### Your goal
Skip pictures in the listing below; copy exactly the lines from the one with "Hey guys, welcome" through the one with "Whenever a baby", inclusive.

### Records for the task
----

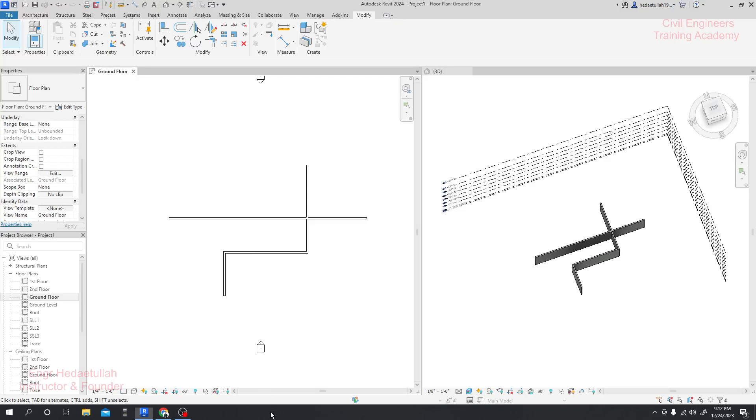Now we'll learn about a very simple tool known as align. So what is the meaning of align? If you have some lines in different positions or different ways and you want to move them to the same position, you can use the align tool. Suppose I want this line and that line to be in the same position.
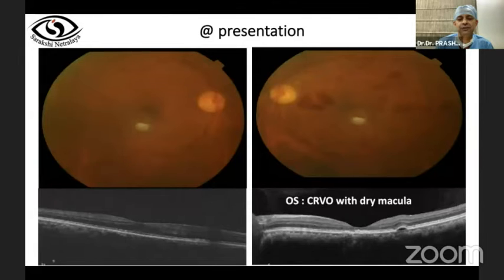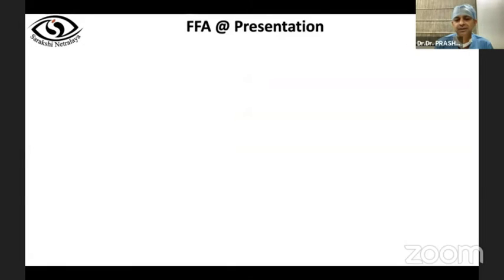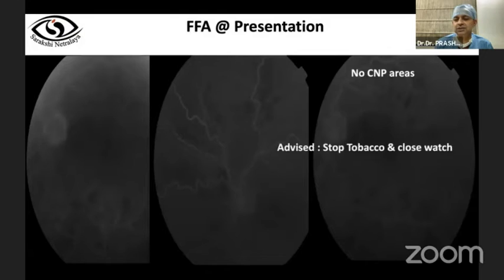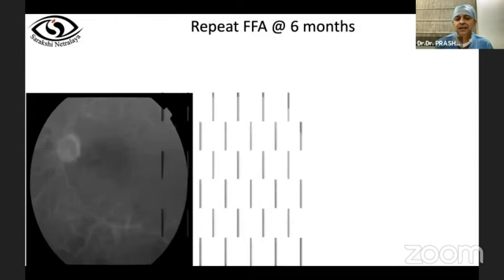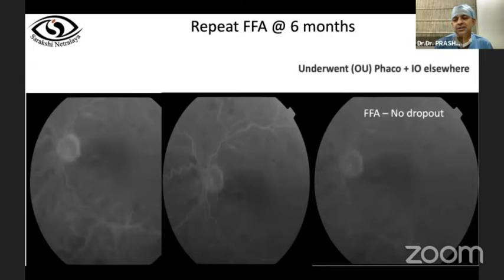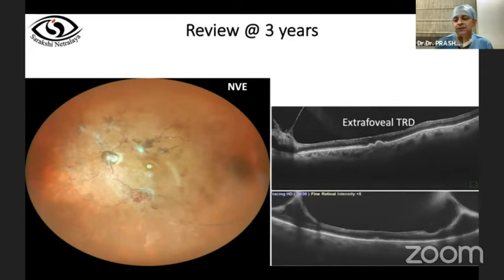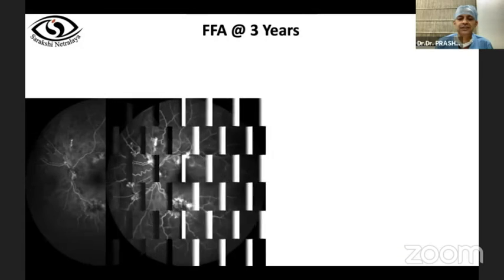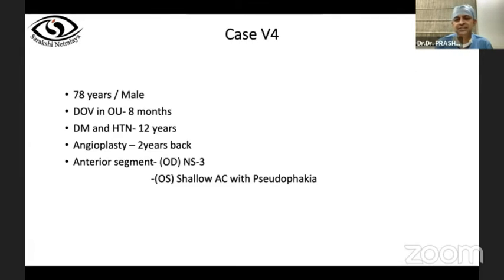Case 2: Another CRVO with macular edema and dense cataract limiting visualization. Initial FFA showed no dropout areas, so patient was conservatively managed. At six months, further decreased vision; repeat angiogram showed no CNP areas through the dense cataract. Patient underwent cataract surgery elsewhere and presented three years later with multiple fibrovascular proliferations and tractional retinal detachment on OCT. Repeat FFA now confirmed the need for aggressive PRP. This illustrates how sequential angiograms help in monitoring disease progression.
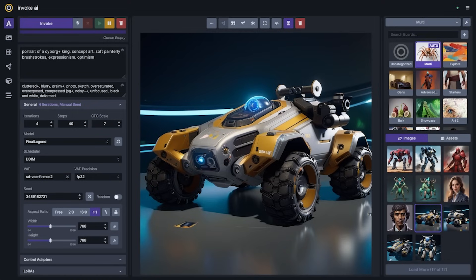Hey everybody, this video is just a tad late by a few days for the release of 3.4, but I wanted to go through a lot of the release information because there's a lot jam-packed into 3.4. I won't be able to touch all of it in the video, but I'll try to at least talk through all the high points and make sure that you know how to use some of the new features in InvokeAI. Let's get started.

----

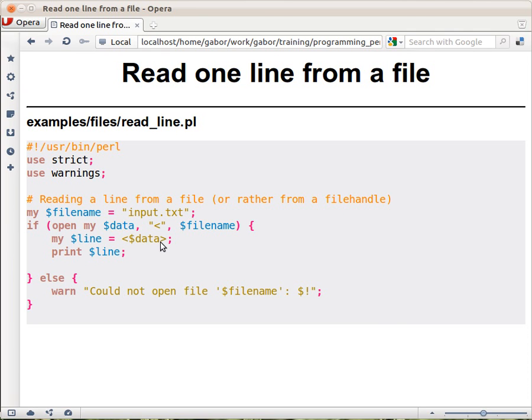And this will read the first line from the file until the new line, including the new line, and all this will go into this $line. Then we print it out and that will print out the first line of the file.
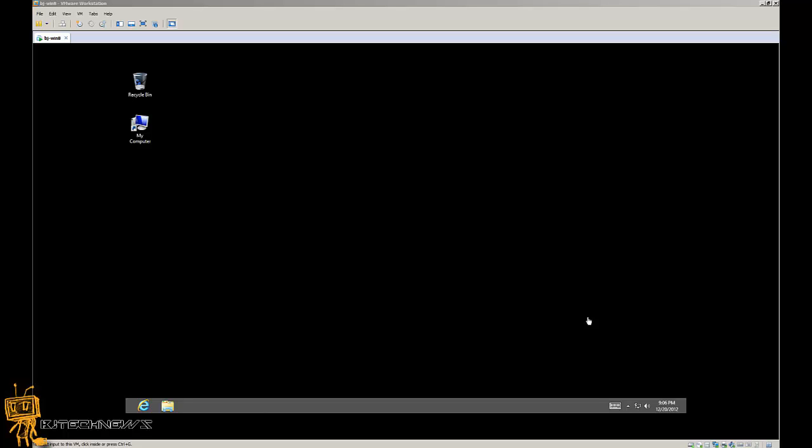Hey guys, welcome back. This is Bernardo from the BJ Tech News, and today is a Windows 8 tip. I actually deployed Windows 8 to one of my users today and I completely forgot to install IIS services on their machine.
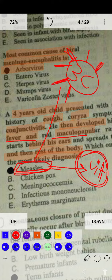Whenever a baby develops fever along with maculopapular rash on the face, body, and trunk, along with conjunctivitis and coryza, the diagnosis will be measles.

----

### Answer for this exercise
Hey guys, welcome back. This is Bernardo from the BJ Tech News, and today is a Windows 8 tip. I actually deployed Windows 8 to one of my users today and I completely forgot to install IIS services on their machine.
Whenever a baby develops fever along with maculopapular rash on the face, body, and trunk, along with conjunctivitis and coryza, the diagnosis will be measles.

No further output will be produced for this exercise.